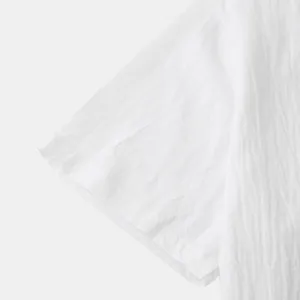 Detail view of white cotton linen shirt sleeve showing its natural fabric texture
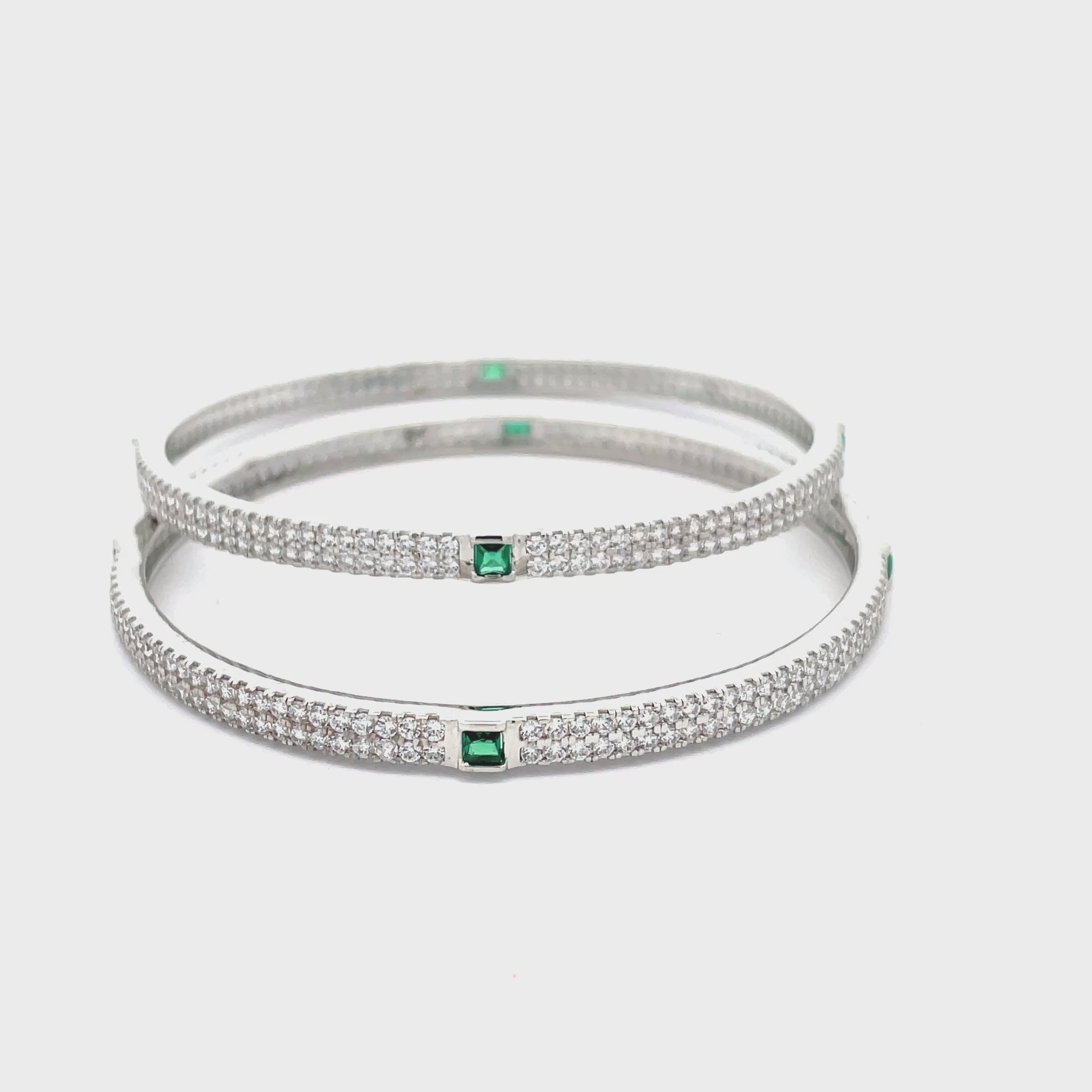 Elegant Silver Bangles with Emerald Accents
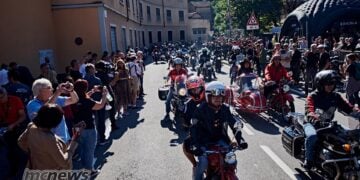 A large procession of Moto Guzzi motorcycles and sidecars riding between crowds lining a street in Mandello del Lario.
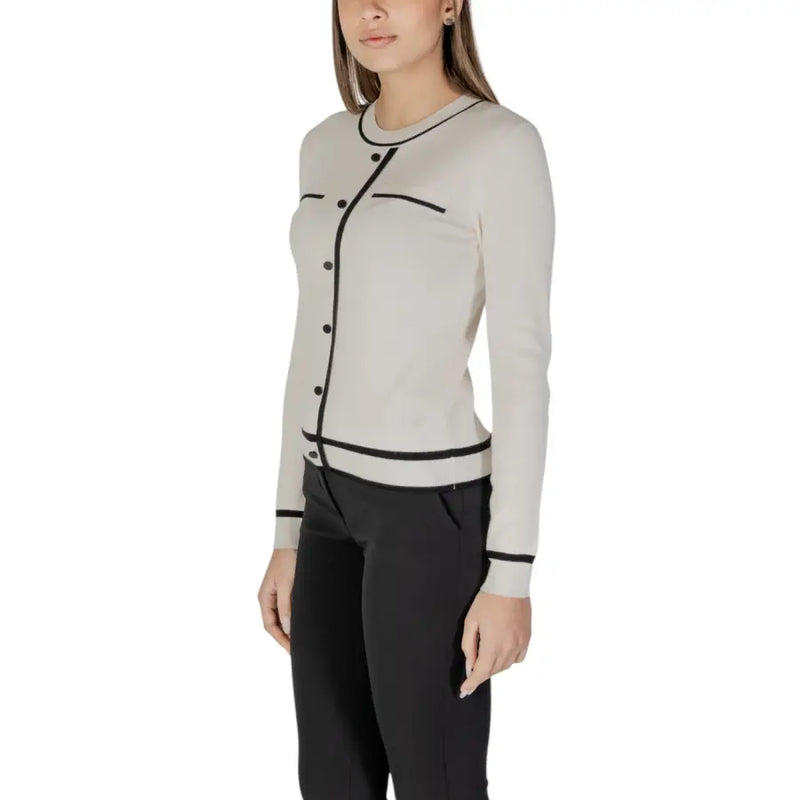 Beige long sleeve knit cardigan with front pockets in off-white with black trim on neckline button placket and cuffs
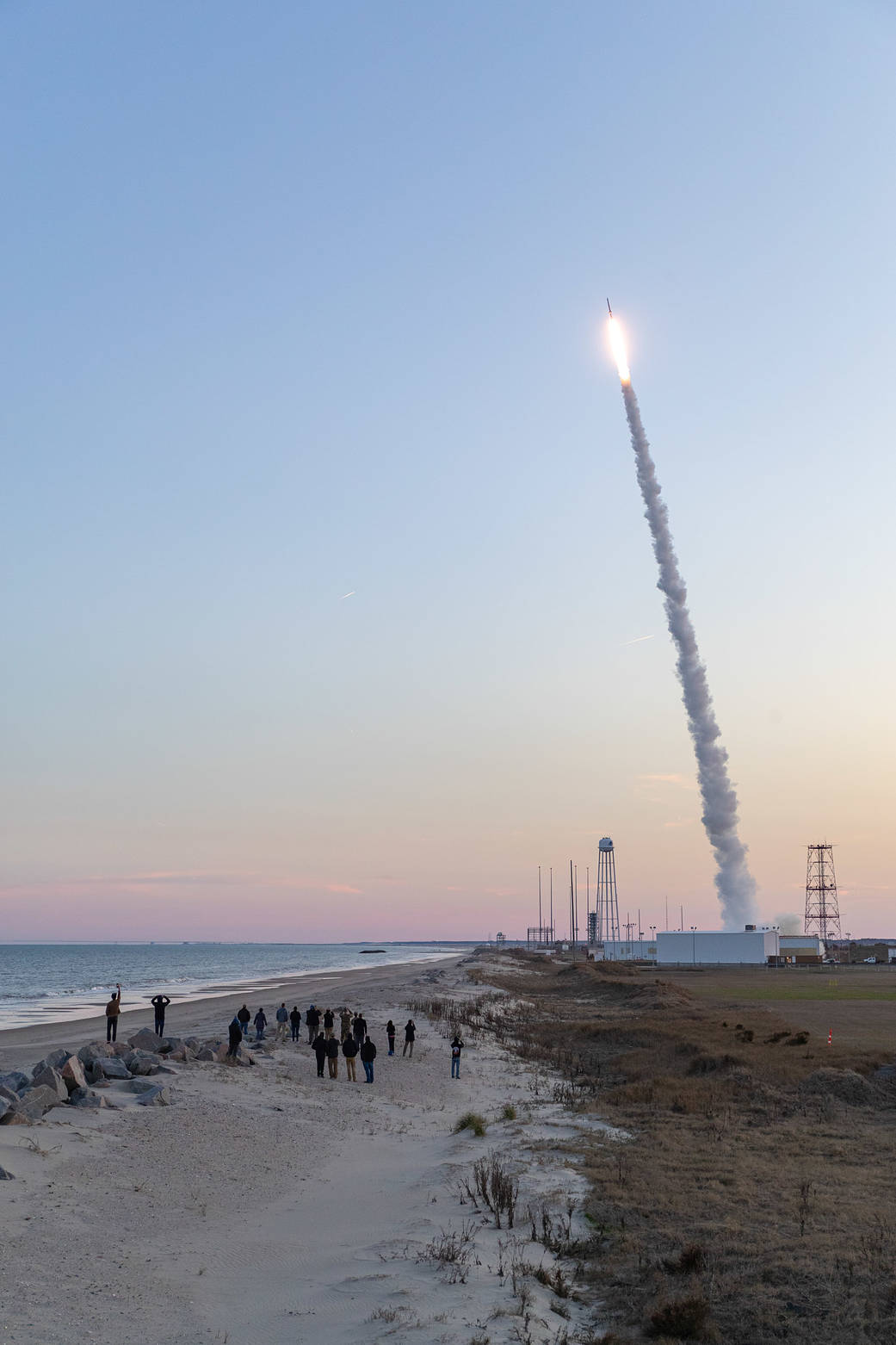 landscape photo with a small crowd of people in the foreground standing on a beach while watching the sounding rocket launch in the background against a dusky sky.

* * *

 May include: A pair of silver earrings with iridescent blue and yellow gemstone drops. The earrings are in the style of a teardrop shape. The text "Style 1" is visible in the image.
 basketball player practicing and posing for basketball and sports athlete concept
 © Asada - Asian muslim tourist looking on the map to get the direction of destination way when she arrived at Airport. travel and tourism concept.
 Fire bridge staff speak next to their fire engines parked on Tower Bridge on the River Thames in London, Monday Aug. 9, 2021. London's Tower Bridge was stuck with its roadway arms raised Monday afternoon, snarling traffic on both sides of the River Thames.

Goal of the exercise: The answer is the lines above from the one with "Beige long sleeve" to the one with "landscape photo with", set down exactly, with no pictures.

Response below:
 Beige long sleeve knit cardigan with front pockets in off-white with black trim on neckline button placket and cuffs
 landscape photo with a small crowd of people in the foreground standing on a beach while watching the sounding rocket launch in the background against a dusky sky.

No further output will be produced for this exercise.